● Work instruction:
Using the entries below, write out the line with "Chanel Classic M/L", the line with "Abazović: Ne mogu", and every line in between, exactly as each is written.

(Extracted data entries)
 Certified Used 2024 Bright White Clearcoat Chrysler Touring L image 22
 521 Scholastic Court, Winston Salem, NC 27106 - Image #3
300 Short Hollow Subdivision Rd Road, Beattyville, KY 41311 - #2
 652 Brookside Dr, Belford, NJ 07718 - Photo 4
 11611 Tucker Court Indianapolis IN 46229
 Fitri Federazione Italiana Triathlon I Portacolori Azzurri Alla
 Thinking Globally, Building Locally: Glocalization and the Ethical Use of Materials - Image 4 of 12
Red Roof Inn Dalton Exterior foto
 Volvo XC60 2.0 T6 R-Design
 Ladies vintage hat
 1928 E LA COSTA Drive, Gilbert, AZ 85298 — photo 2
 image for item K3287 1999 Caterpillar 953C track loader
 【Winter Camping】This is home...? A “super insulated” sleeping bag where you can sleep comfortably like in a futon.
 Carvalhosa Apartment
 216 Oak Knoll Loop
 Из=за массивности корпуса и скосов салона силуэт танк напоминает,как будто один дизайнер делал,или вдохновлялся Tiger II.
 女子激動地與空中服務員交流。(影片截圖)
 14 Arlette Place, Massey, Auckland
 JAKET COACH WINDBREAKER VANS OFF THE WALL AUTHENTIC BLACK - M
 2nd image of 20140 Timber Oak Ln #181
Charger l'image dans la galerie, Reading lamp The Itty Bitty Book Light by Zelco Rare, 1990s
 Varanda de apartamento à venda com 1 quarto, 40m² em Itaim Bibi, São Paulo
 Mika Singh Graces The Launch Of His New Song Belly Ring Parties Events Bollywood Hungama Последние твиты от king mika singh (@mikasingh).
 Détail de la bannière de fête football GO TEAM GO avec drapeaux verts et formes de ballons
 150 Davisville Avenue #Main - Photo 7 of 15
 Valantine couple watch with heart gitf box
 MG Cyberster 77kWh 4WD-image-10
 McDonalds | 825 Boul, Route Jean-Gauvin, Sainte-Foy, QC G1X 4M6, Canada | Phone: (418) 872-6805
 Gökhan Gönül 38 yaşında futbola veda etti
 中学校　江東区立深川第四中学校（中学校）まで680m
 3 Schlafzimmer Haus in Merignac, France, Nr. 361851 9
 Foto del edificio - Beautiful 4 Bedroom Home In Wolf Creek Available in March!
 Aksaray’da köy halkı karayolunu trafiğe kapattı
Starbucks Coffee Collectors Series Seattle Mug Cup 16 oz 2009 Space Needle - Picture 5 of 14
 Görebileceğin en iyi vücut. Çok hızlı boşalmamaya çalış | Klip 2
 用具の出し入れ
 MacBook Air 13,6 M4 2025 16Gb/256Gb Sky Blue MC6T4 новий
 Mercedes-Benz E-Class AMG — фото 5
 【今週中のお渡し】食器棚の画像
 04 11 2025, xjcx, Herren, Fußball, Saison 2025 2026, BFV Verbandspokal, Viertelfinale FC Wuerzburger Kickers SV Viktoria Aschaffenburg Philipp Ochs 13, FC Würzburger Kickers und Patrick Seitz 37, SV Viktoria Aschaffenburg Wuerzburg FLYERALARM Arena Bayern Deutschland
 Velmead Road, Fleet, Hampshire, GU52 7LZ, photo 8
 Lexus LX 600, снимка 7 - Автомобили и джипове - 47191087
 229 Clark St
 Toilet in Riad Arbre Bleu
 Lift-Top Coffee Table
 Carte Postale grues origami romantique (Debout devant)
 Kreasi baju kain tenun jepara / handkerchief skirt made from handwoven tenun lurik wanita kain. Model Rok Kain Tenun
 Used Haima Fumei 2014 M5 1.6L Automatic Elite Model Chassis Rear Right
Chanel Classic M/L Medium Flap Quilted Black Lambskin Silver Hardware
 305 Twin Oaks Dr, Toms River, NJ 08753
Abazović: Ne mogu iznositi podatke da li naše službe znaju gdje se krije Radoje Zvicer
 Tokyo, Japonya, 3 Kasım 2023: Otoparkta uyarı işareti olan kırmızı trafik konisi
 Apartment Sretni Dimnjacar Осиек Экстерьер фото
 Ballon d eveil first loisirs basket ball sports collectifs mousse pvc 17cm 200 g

● Task output:
Chanel Classic M/L Medium Flap Quilted Black Lambskin Silver Hardware
 305 Twin Oaks Dr, Toms River, NJ 08753
Abazović: Ne mogu iznositi podatke da li naše službe znaju gdje se krije Radoje Zvicer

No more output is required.